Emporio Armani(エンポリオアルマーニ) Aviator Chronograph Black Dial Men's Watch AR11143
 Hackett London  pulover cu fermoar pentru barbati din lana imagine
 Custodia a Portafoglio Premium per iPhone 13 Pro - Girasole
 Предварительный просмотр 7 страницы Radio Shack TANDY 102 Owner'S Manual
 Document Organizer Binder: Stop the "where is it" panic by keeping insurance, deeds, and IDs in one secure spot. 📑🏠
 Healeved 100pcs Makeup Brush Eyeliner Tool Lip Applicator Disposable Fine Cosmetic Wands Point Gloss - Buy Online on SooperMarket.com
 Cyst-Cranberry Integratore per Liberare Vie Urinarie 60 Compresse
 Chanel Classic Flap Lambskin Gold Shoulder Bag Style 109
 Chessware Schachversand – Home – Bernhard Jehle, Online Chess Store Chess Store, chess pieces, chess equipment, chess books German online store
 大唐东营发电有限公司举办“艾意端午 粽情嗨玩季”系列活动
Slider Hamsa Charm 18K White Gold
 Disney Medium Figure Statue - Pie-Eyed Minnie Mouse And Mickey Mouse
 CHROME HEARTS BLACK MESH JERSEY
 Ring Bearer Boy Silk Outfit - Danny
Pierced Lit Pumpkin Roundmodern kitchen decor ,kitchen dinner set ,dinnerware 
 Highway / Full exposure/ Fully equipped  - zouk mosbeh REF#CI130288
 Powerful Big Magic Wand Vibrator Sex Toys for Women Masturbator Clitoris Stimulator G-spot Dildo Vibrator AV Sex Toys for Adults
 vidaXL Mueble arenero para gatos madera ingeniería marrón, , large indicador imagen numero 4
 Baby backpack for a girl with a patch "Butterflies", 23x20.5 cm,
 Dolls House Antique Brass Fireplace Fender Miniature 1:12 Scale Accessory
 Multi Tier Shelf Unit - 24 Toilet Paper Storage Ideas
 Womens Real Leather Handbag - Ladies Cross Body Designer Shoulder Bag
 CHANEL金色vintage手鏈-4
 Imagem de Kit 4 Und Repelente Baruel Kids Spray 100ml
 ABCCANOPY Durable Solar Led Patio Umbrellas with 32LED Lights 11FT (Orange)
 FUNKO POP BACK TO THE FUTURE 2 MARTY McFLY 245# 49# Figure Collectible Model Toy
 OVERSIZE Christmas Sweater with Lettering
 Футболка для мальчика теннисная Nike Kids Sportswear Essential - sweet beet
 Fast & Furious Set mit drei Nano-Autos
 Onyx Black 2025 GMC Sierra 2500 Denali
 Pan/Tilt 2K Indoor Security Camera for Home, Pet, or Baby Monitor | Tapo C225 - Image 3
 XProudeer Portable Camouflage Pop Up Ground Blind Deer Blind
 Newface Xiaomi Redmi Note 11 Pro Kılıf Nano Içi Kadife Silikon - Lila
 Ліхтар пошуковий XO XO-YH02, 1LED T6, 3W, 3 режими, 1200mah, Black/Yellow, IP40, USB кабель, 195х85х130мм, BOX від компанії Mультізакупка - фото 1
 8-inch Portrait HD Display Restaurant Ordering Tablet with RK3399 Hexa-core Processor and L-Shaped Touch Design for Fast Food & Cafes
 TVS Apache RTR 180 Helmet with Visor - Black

■ ■ ■ ■ ■ ■ ■

What you will do - Across the listing, tally every line that includes the word "Online" and supply the total alone.

Exercise output - 2